Do we really need open access?

Mark Liberman has posted a series of thoughts over the last couple of days on the idea that we'd be better served as a community if things that weren't selling significantly anymore went online as freely available electronic texts. Your host isn't so sure, although in what he's about to say, it's going to be a bit tricky to keep the discussion focused on the principle as opposed to the example.

As Prof. Liberman frames it:

Based on the apparently well-informed discussion on this site, a sales rank of 600,000 or so means that about one copy is sold per month. Whatever the exact sales figures at amazon and across the whole marketplace, I think we can conclude that no one is now making any significant money out of Talking Politics. Not the author, and not the publisher. More important, only a handful of people are reading it.

So why not put the whole thing up on the web for free access, as a .pdf or in whatever other form comes easily? If the text was up there, I might try to get you interested in going through Silverstein's detailed analysis of the Gettysburg Address, or take up the question of corporate message-speak and its historical precursors.People on various sides of the current election campaign would take a look at the book and praise it or damn it, but anyhow quote it and think about it. Thousands of people -- maybe tens or even hundreds of thousands of people -- would read at least parts of it, and some of those people would be journalists or politicians or political scientists or other kinds of folk who don't normally buy stuff from Prickly Paradigm Press or read what linguistic anthropologists write.
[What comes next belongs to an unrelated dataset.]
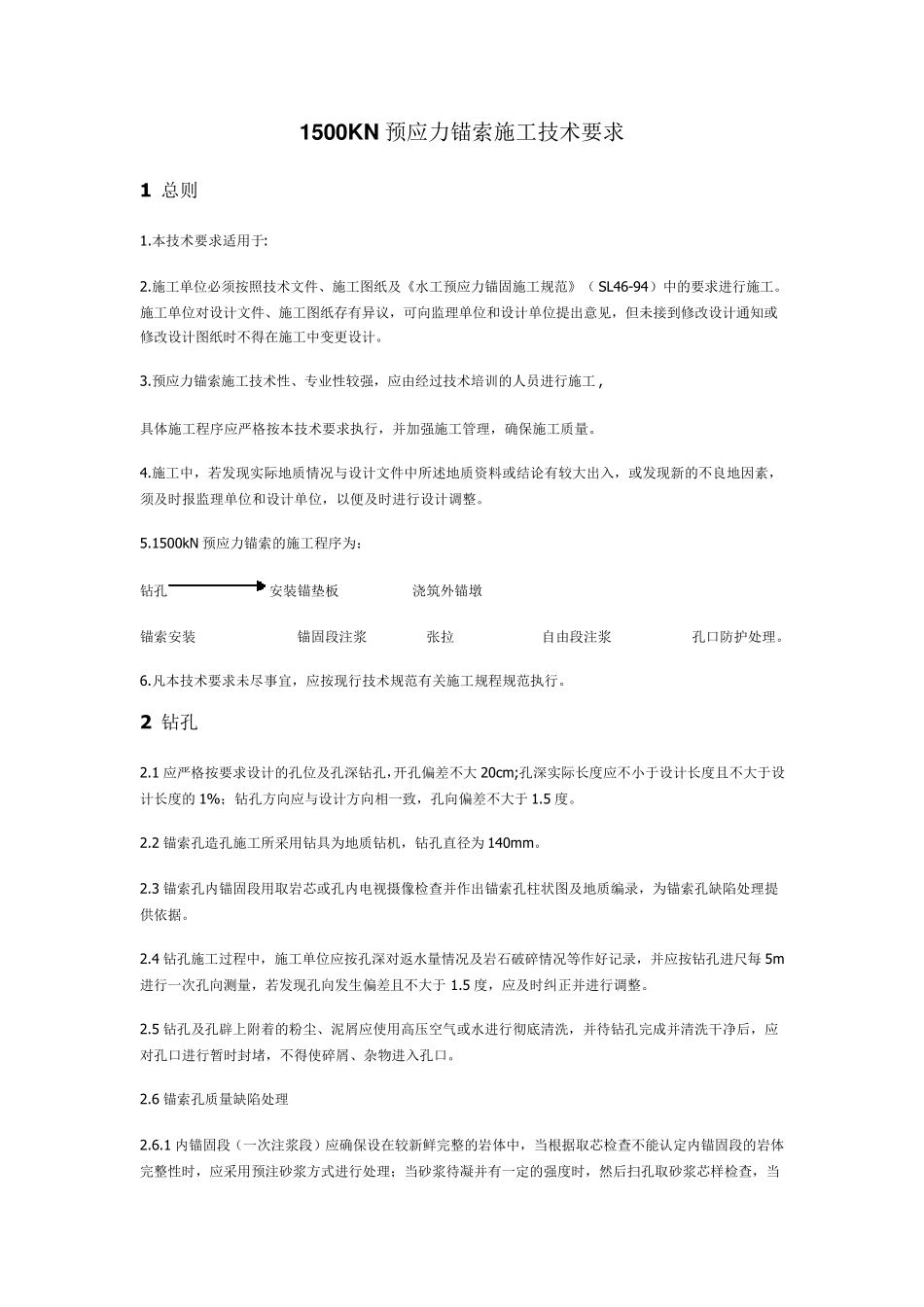 1500KN预应力锚索施工技术要求_第1页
And quite a few of those people would probably find $8 to buy a paper copy, as the Baen publishing company has found out with their Free Library. I'd be willing to bet the price of a good dinner for four that sales would increase rather than decrease -- maybe even enough for the royalties to cover the cost of dinner!
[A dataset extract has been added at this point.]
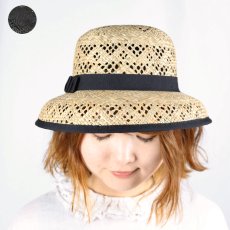 画像1: maison de soil  STRAW HAT WITH TAPE TRIMMING  2色 (1)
It's a fine theory -- since the text has quit making money in its present distribution, any additional exposure can only help, and there's no better way to do it than with the Web.

The problem with it in practice is that Amazon already offers a bit of a taste, and what SC saw inside the book is more than enough to convince him not to bother with the rest. Starting here, you can read the first six pages of the book. Exactly what percentage of the text that is, I can't say -- Amazon pegs it at 85 pages, Prof. L. at 130 -- but they give you at least the entire first chapter of Prof. Silverstein's little spleen venting through what is essentially a vanity press for irritable academics.

And that last bit is the problem. Based on what Prof. Liberman put up in his initial post, your host was quite intrigued. A couple of Prof. Silverstein's articles were required reading in SC's introduction to linguistics and "women and language" courses. The man is an accomplished sociolinguist, and your host is absolutely not questioning his credentials or ability to write an interesting book on the subject of style in political discourse.

Unfortunately, just two pages after the stirring introduction, we find that Prof. Silverstein can barely contain his rage at George W. Bush's existence. He starts off with a quote which admittedly reflects no credit for scientific literacy on the current president:

Natural gas is hemispheric. I like to call it hemispheric in nature because it is a product that we can find in our neighborhoods.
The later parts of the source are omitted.